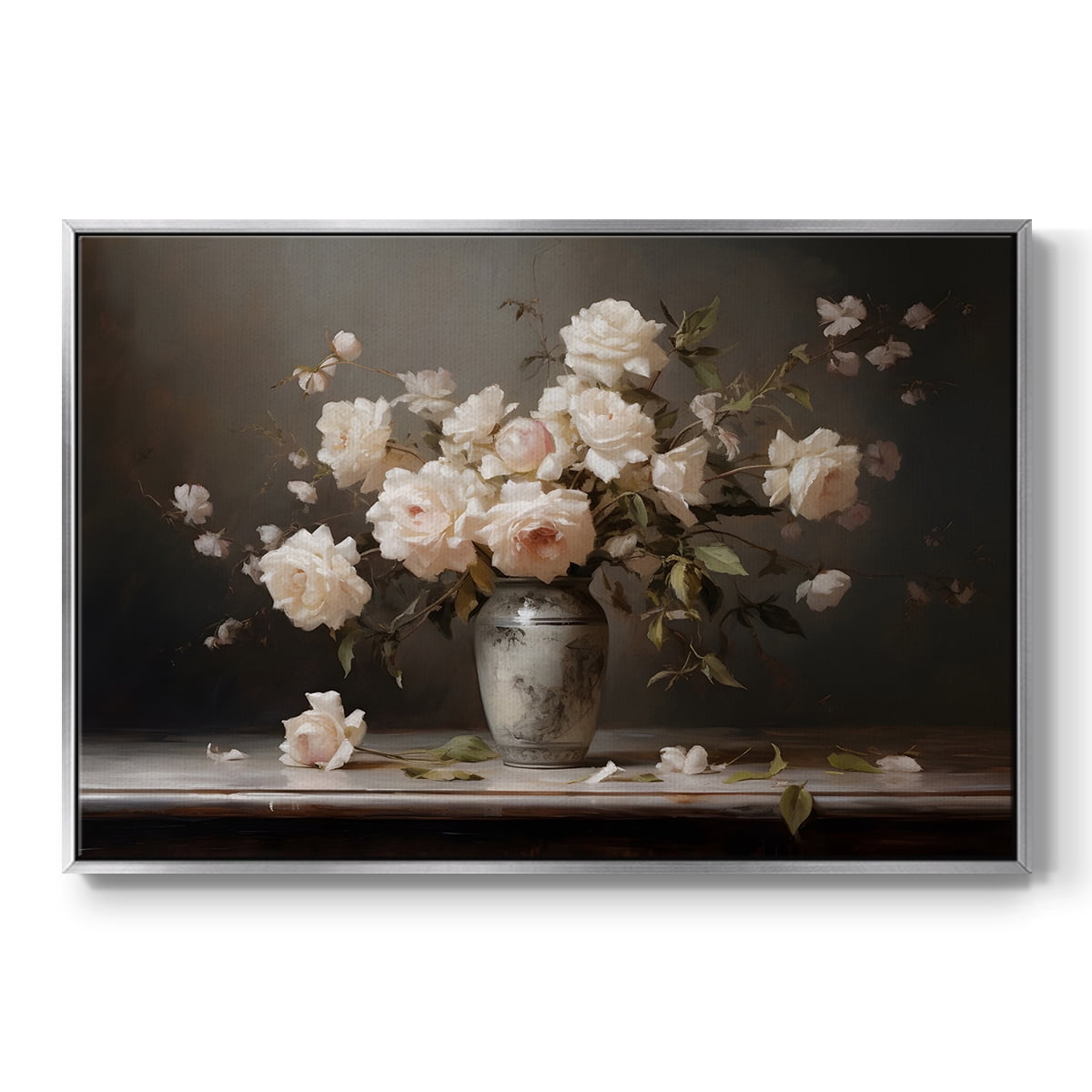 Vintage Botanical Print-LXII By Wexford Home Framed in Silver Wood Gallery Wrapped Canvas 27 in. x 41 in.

---

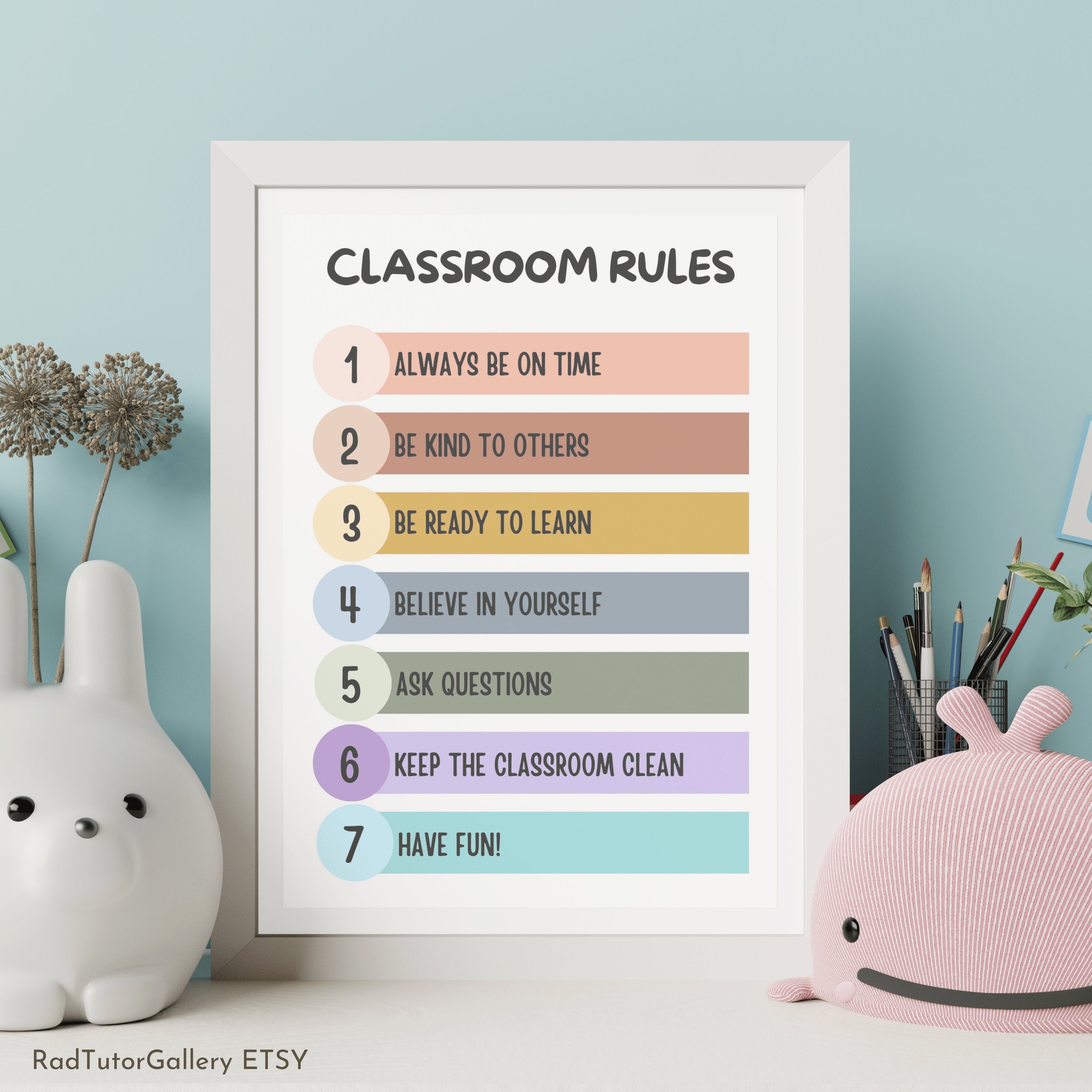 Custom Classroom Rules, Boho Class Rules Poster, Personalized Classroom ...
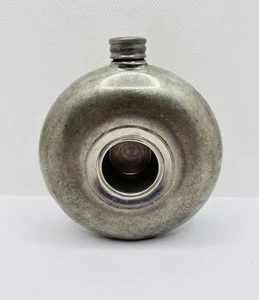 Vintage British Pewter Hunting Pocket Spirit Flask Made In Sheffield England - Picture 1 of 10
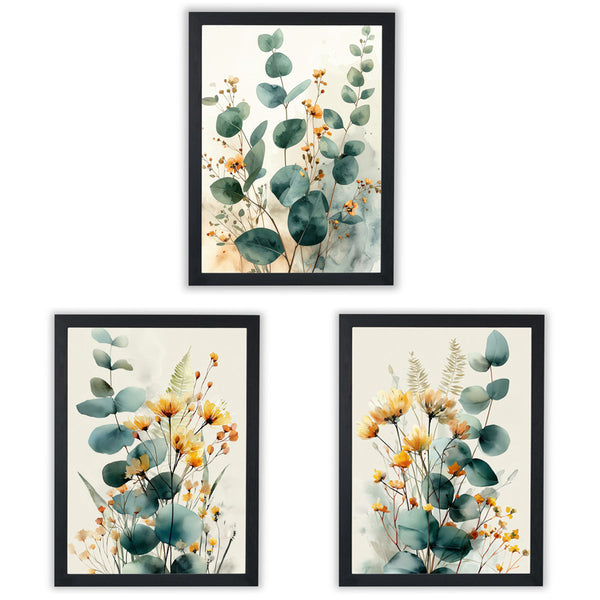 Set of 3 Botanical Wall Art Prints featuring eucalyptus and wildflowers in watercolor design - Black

* * *

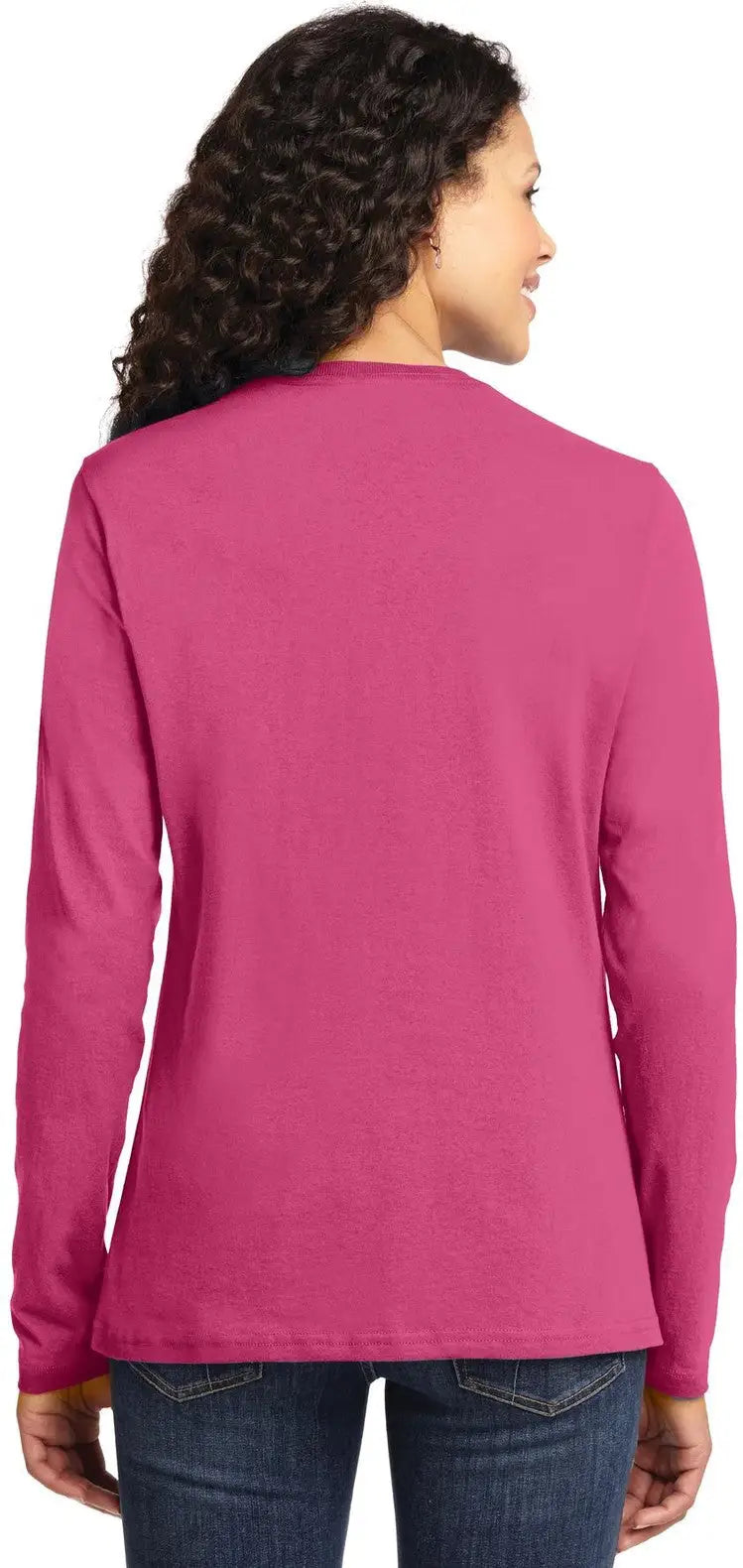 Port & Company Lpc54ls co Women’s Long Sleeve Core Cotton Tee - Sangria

• What to do: Only one stretch of the listing is wanted: the lines starting at the one with "Custom Classroom Rules, Boho" and ending at the one with "Set of 3 Botanical", copied exactly and free of pictures.

• Result of the task:
 Custom Classroom Rules, Boho Class Rules Poster, Personalized Classroom ...
 Vintage British Pewter Hunting Pocket Spirit Flask Made In Sheffield England - Picture 1 of 10
 Set of 3 Botanical Wall Art Prints featuring eucalyptus and wildflowers in watercolor design - Black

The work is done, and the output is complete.